◆ Input data ◆
_____
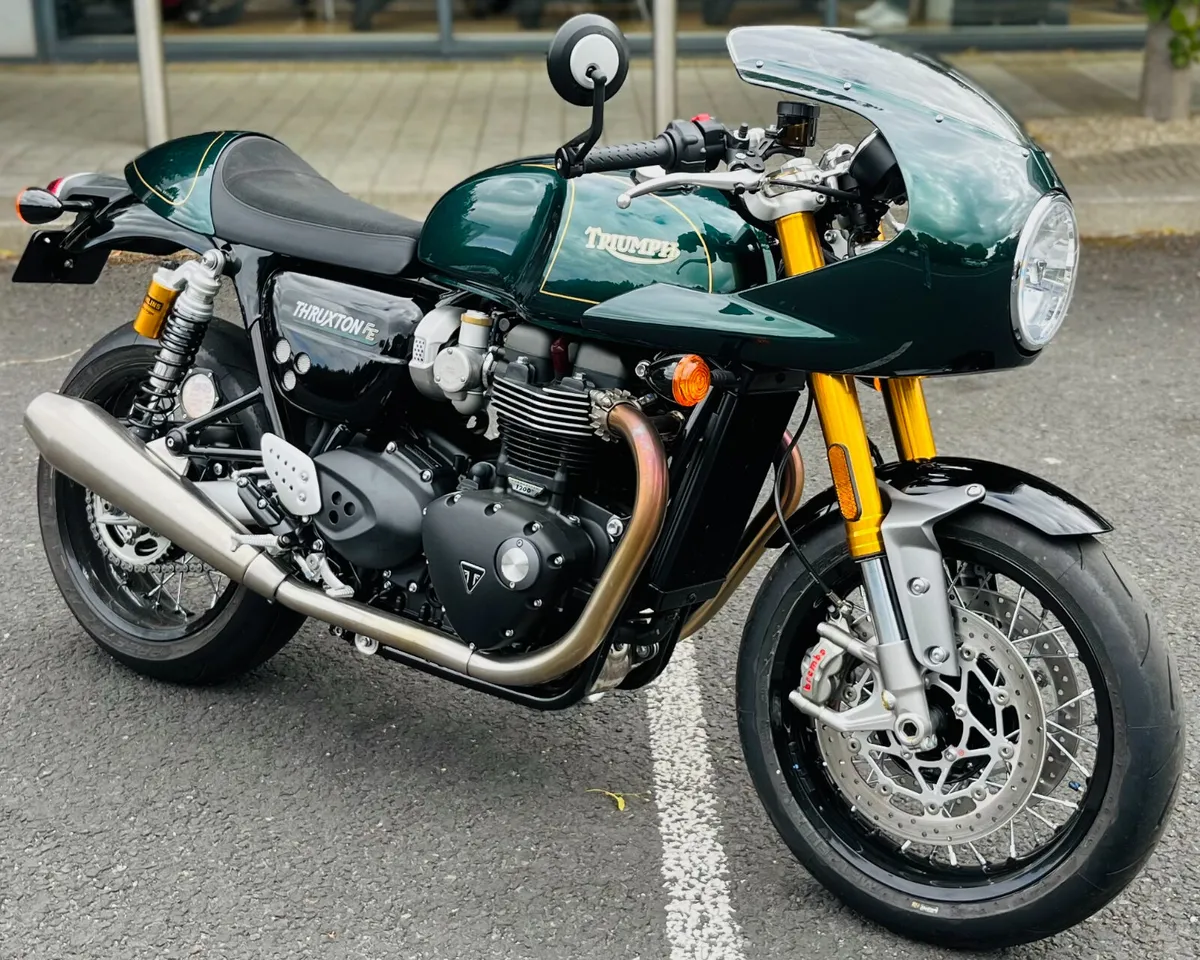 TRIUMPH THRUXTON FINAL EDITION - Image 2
_____
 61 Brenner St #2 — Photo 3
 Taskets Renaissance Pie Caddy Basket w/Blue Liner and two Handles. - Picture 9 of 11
_____
◆ Your assignment ◆
Copy the records above exactly, beginning at the line that contains "61 Brenner St #2 — Photo 3" and stopping after the line that contains "Taskets Renaissance Pie".

◆ Your response ◆
 61 Brenner St #2 — Photo 3
 Taskets Renaissance Pie Caddy Basket w/Blue Liner and two Handles. - Picture 9 of 11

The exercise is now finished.